Short text fragments from websites:
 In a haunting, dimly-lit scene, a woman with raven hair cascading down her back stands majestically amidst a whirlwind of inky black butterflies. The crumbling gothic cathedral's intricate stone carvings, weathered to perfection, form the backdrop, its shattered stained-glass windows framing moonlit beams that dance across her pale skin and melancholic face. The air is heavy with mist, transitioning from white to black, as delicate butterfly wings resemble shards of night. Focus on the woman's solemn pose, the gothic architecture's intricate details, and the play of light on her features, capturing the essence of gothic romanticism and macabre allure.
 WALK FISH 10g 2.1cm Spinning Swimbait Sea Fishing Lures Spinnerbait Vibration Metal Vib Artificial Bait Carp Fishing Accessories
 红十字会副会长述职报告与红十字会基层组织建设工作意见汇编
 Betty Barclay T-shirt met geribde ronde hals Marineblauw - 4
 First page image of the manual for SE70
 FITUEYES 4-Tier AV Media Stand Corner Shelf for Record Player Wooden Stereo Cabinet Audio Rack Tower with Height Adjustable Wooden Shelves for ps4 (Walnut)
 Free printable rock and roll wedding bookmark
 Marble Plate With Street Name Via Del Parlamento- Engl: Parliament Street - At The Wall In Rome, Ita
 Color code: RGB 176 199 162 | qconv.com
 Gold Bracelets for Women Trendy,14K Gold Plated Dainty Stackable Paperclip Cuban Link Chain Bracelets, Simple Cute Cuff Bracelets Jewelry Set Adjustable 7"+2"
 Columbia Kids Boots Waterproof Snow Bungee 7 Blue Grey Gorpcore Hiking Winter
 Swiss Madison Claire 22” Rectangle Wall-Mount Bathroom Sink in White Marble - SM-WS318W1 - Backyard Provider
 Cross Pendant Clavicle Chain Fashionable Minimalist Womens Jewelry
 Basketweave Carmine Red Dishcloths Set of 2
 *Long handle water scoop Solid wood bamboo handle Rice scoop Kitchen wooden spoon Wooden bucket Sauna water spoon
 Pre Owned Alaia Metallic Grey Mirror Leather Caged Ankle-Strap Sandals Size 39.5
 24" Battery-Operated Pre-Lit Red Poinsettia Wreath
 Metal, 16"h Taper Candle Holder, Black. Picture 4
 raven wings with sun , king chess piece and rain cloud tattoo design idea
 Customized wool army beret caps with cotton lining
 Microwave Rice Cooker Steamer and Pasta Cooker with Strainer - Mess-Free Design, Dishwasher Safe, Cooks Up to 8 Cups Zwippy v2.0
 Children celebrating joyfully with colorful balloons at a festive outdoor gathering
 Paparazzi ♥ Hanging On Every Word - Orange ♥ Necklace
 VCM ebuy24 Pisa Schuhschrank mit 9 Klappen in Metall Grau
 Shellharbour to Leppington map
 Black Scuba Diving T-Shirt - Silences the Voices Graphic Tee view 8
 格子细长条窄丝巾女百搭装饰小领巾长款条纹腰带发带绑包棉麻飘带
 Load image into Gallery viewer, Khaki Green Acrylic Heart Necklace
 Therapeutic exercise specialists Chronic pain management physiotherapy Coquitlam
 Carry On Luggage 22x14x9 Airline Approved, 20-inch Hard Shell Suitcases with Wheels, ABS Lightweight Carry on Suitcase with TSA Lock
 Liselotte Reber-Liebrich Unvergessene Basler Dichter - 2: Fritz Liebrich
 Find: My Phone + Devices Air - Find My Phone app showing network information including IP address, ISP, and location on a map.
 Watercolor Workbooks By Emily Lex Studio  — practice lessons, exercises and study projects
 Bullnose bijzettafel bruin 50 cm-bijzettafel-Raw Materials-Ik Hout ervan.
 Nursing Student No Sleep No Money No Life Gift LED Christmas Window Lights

#### EXERCISE DIRECTIONS
Repeat the data. Leave nothing out and change nothing.

#### EXERCISE SOLUTION
 In a haunting, dimly-lit scene, a woman with raven hair cascading down her back stands majestically amidst a whirlwind of inky black butterflies. The crumbling gothic cathedral's intricate stone carvings, weathered to perfection, form the backdrop, its shattered stained-glass windows framing moonlit beams that dance across her pale skin and melancholic face. The air is heavy with mist, transitioning from white to black, as delicate butterfly wings resemble shards of night. Focus on the woman's solemn pose, the gothic architecture's intricate details, and the play of light on her features, capturing the essence of gothic romanticism and macabre allure.
 WALK FISH 10g 2.1cm Spinning Swimbait Sea Fishing Lures Spinnerbait Vibration Metal Vib Artificial Bait Carp Fishing Accessories
 红十字会副会长述职报告与红十字会基层组织建设工作意见汇编
 Betty Barclay T-shirt met geribde ronde hals Marineblauw - 4
 First page image of the manual for SE70
 FITUEYES 4-Tier AV Media Stand Corner Shelf for Record Player Wooden Stereo Cabinet Audio Rack Tower with Height Adjustable Wooden Shelves for ps4 (Walnut)
 Free printable rock and roll wedding bookmark
 Marble Plate With Street Name Via Del Parlamento- Engl: Parliament Street - At The Wall In Rome, Ita
 Color code: RGB 176 199 162 | qconv.com
 Gold Bracelets for Women Trendy,14K Gold Plated Dainty Stackable Paperclip Cuban Link Chain Bracelets, Simple Cute Cuff Bracelets Jewelry Set Adjustable 7"+2"
 Columbia Kids Boots Waterproof Snow Bungee 7 Blue Grey Gorpcore Hiking Winter
 Swiss Madison Claire 22” Rectangle Wall-Mount Bathroom Sink in White Marble - SM-WS318W1 - Backyard Provider
 Cross Pendant Clavicle Chain Fashionable Minimalist Womens Jewelry
 Basketweave Carmine Red Dishcloths Set of 2
 *Long handle water scoop Solid wood bamboo handle Rice scoop Kitchen wooden spoon Wooden bucket Sauna water spoon
 Pre Owned Alaia Metallic Grey Mirror Leather Caged Ankle-Strap Sandals Size 39.5
 24" Battery-Operated Pre-Lit Red Poinsettia Wreath
 Metal, 16"h Taper Candle Holder, Black. Picture 4
 raven wings with sun , king chess piece and rain cloud tattoo design idea
 Customized wool army beret caps with cotton lining
 Microwave Rice Cooker Steamer and Pasta Cooker with Strainer - Mess-Free Design, Dishwasher Safe, Cooks Up to 8 Cups Zwippy v2.0
 Children celebrating joyfully with colorful balloons at a festive outdoor gathering
 Paparazzi ♥ Hanging On Every Word - Orange ♥ Necklace
 VCM ebuy24 Pisa Schuhschrank mit 9 Klappen in Metall Grau
 Shellharbour to Leppington map
 Black Scuba Diving T-Shirt - Silences the Voices Graphic Tee view 8
 格子细长条窄丝巾女百搭装饰小领巾长款条纹腰带发带绑包棉麻飘带
 Load image into Gallery viewer, Khaki Green Acrylic Heart Necklace
 Therapeutic exercise specialists Chronic pain management physiotherapy Coquitlam
 Carry On Luggage 22x14x9 Airline Approved, 20-inch Hard Shell Suitcases with Wheels, ABS Lightweight Carry on Suitcase with TSA Lock
 Liselotte Reber-Liebrich Unvergessene Basler Dichter - 2: Fritz Liebrich
 Find: My Phone + Devices Air - Find My Phone app showing network information including IP address, ISP, and location on a map.
 Watercolor Workbooks By Emily Lex Studio  — practice lessons, exercises and study projects
 Bullnose bijzettafel bruin 50 cm-bijzettafel-Raw Materials-Ik Hout ervan.
 Nursing Student No Sleep No Money No Life Gift LED Christmas Window Lights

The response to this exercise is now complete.